Adding to the uncertainty, a change in administrations after this year’s election could result in a rollback of the new rules.
If the rules hold up, the EPA projects $370 billion in climate and public health benefits over the next two decades. The agency’s analysis predicts a reduction of 1.38 billion tons of CO2 through 2047, the equivalent of the annual emissions of 328 million gasoline powered cars.
The EPA is also gathering public input on a proposal to cut emissions from existing gas-fired power plants. Natural gas is currently the nation’s top source of electricity, and though it produces lower carbon emissions than coal, the production and transportation of gas emits methane, a more powerful heat-trapping gas than CO2.
The EPA’s principal solution for coal and gas plants to comply with the new rules is carbon capture and storage. But the technology has not been deployed successfully on a commercial scale, and power plant operators say that the rules will force fossil fuel plants to effectively shut down.
“It is obvious that the ultimate goal of these EPA regulations is to stop the use of fossil fuels to produce reliable energy in the United States by forcing the premature closure of coal plants and blocking new natural gas plants,” said U.S. Sen.

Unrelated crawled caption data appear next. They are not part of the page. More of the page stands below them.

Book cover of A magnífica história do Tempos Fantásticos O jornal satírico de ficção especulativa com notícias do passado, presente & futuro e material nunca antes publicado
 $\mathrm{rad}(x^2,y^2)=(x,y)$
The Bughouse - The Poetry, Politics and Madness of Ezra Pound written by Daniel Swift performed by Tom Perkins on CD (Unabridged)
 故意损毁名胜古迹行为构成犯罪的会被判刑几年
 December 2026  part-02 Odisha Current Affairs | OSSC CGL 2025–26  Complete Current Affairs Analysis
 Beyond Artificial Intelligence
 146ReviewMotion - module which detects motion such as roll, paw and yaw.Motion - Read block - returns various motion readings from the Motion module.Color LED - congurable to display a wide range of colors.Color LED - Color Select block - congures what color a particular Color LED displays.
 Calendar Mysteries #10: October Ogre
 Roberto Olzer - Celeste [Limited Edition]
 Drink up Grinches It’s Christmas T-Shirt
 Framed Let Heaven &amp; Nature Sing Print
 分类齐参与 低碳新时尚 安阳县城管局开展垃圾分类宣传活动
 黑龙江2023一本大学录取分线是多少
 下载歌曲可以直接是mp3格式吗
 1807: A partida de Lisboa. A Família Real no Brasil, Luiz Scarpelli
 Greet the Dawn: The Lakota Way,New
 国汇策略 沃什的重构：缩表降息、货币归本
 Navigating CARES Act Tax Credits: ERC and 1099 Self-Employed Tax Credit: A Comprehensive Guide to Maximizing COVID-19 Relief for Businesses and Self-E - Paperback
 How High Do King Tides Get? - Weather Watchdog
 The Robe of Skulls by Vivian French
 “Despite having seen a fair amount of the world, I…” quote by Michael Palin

Joe Manchin, D-West Virginia, chairman of the Senate Energy and Natural Resources Committee.
Another powerful foe of the EPA rules vowed Thursday that she’d introduce a bill to repeal them.
“To protect millions of Americans, including energy workers, against executive overreach that has already been tried and rejected by the Supreme Court,” said U.S. Sen. Shelley Moore Capito, R-West Virginia, “I will be introducing a Congressional Review Act resolution of disapproval to overturn the EPA’s job-killing regulations announced today.”
Capito is the senior Republican on the Senate Environment and Public Works Committee, which oversees the EPA and confirms its administrator.